■ To do
Since the listing below shows pictures, leave them out and write out exactly the lines from the line with "Anatomy Illustrations Vintage" to the line with "www.ridgeback-teplice.eu", both included, and no others.
-- Records supplied follows --
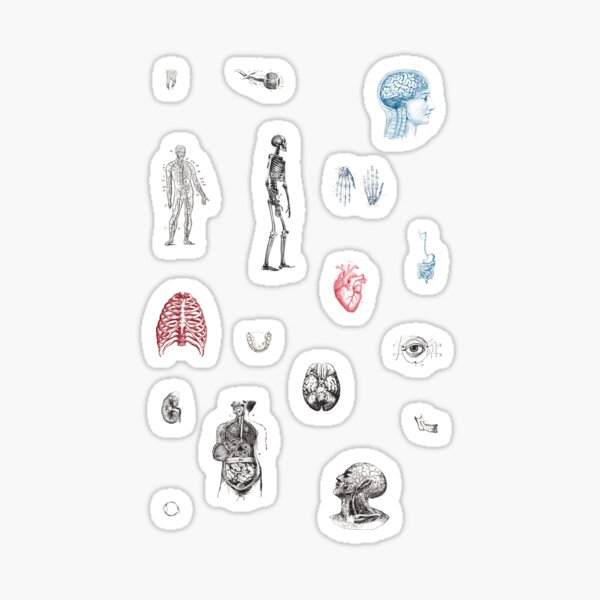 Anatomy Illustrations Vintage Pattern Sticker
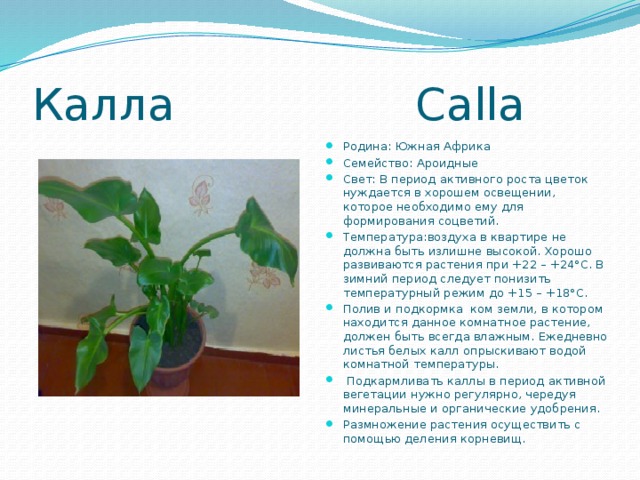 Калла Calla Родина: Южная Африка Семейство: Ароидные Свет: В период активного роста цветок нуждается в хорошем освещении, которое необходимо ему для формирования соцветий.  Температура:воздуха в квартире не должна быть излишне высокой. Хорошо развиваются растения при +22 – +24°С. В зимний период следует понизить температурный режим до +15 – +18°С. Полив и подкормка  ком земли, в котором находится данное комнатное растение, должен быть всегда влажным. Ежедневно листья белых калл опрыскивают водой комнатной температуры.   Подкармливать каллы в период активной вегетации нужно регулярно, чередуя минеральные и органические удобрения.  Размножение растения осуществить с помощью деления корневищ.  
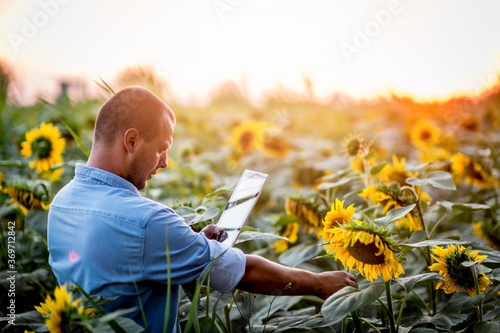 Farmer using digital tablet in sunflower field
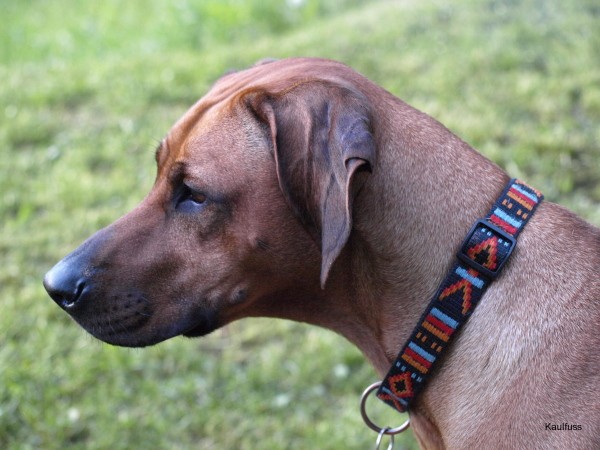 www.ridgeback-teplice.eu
-- Records supplied concluded --
-- Records supplied follows --
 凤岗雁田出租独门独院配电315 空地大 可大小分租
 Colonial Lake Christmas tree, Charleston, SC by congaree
-- Records supplied concluded --
■ Solution below
 Anatomy Illustrations Vintage Pattern Sticker
 Калла Calla Родина: Южная Африка Семейство: Ароидные Свет: В период активного роста цветок нуждается в хорошем освещении, которое необходимо ему для формирования соцветий.  Температура:воздуха в квартире не должна быть излишне высокой. Хорошо развиваются растения при +22 – +24°С. В зимний период следует понизить температурный режим до +15 – +18°С. Полив и подкормка  ком земли, в котором находится данное комнатное растение, должен быть всегда влажным. Ежедневно листья белых калл опрыскивают водой комнатной температуры.   Подкармливать каллы в период активной вегетации нужно регулярно, чередуя минеральные и органические удобрения.  Размножение растения осуществить с помощью деления корневищ.  
 Farmer using digital tablet in sunflower field
 www.ridgeback-teplice.eu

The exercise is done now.